HACKER Q&A
📣 novemberrain

What career path for a hands-on engineering leader?


For more than seven years, I was the CTO of two mildly successful startups. One achieved the status of scale-up, the other I left after bootstrapping it (build the MVP, hire the core engineering team). Both were in the same space, and I needed to work in a different area after a few years. I have always been a solid and polyvalent engineer, capable of working on the entire stack (backend, frontend, mobile, DevOps/infrastructure). As CTO of relatively small startups (<100 employees), I had a good balance between managerial and hands-on.

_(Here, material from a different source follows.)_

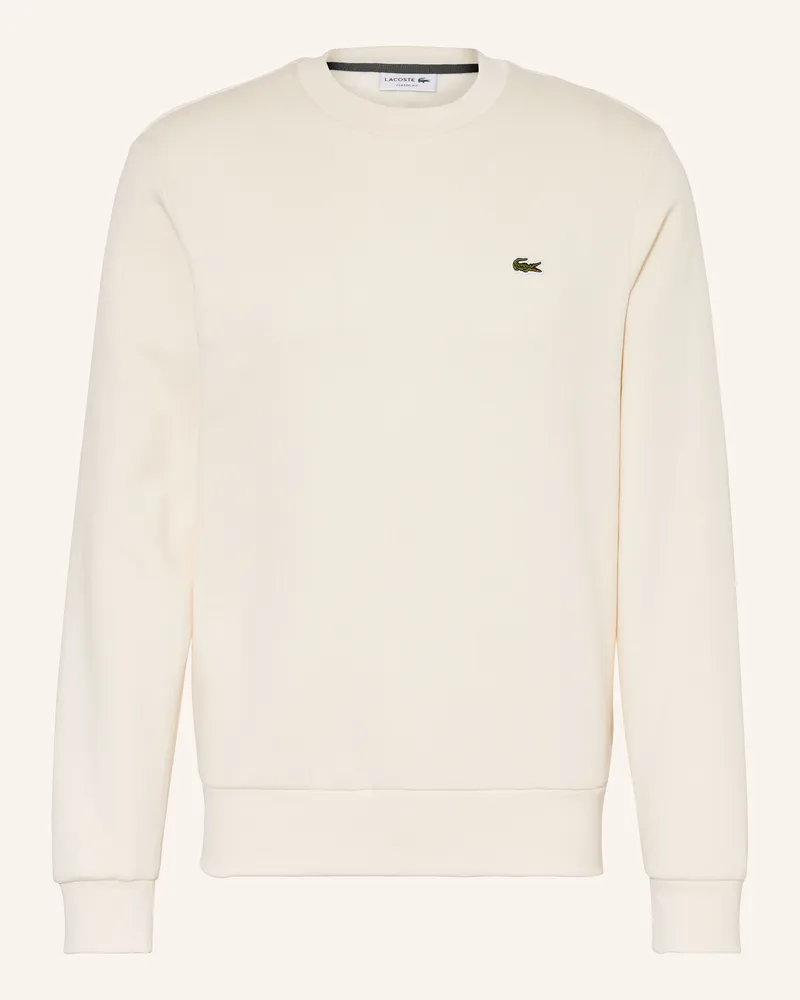 Lacoste Sweatshirt weiss Ecru
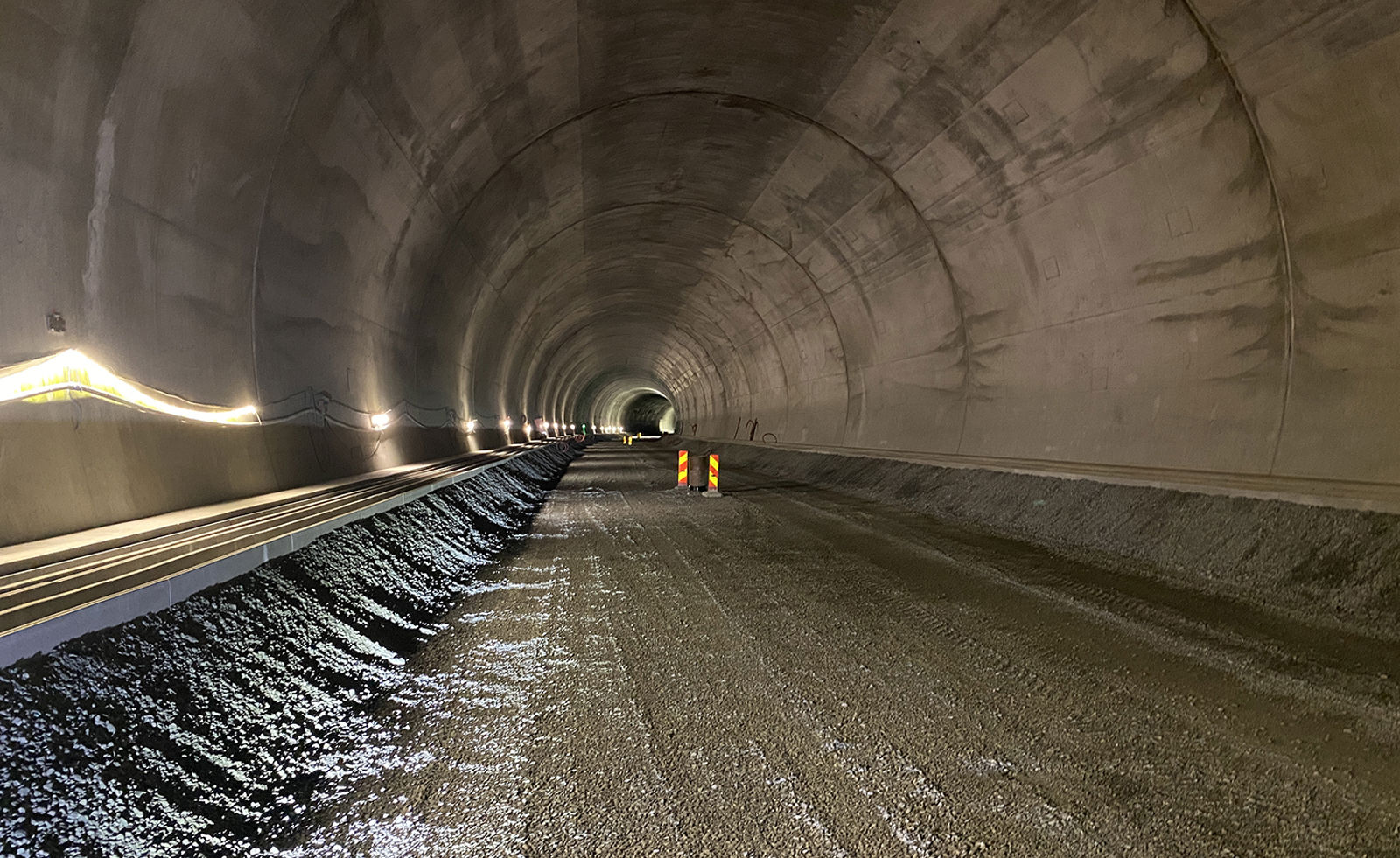 Foto som viser innsiden av Mossetunnelen.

I was always frustrated with working with limited means, and I wanted to explore what came next for startups further in their growth. I decided to join a unicorn tech startup as VP of Engineering. The role is hands-off, and I spend a lot of time managing the team, building the engineering and product roadmap, and doing some system design. After a few months in that position, I miss being hands-on: designing and implementing solid and scalable systems and technically leading by example; I love enabling and empowering teams, but I feel a bit bored personally.

I have been thinking about my situation and about how I could keep the same salary level (> £175k) whilst adopting a more hands-on position (possibly without managerial responsibilities). The typical answer for someone based in London, UK, is to move to contracting. I have worked as a contractor before, so I am unsure if those salaries are realistic and where to start. On the other hand, with age, it gets harder and harder to be competitive as a software engineer: is the natural path to move to managerial/architect positions?

I would like to hear from people who faced the same dilemma and what path they chose. I would also love to hear from contractors in the UK.

Many thanks for your help.


  👤 cutthegrass2 Accepted Answer ✓
Had a similar dilemma to you a few years ago, except that my background was predominantly based in large organisations, i'd never worked in a startup or worked for myself as a contractor.

I chose the contract route and was able string a number of contracts together (sequentially) with rates between £750 - £900pd. (annually ~£170k - £205k).

Contracting can be pretty lucrative depending on your PAYE earning potential. I was earning £126k basic (Director, Senior Solutions Architect) in a large banking organisation when I jumped, so the pay increase was significant.

Checking the current rates in my inbox from this week alone, I see CTO level day rates up around ~£1500pd, which is significantly over your target of £175k.

Just be mindful of getting some decent IR35 insurance setup and having a contract assessment by a reputable company to be confident of a status determination should HMRC decide to take a look.

Best of luck


👤 elevanation
Great question. If I may make some suggestions in 3 parts:

Part 1: Present

What are your priorities for the next 5 to 10 years? Consider which are most important to you:

a. Cash

b. Stability

c. Career Building

d. Industry Reputation

Part 2: Future

g. What would you like to be doing 10 years from now?

Part 3: Building Fulfillment

j. Are you good at managing people, to the point that the company benefits? Or would the company be better off if you were in a hands-on role? (you seem to indicate it is the former, just want to emphasise the importance of this item)

k. Are there areas in your personal life where you can enjoy hands-on things?

m. Which area(s) in your personal life merit a bit of investment?


👤 eatonphil
I can only speak for American companies but if you work for American companies (startup or public) you should be able to find staff/principle engineer roles in orgs that allow you to remain hands on and have the same salary caps that VPs or CTOs have.

Every org is different though so it will take some shopping around to find one that fits you well. But I'm positive there are many orgs looking for folks like yourself.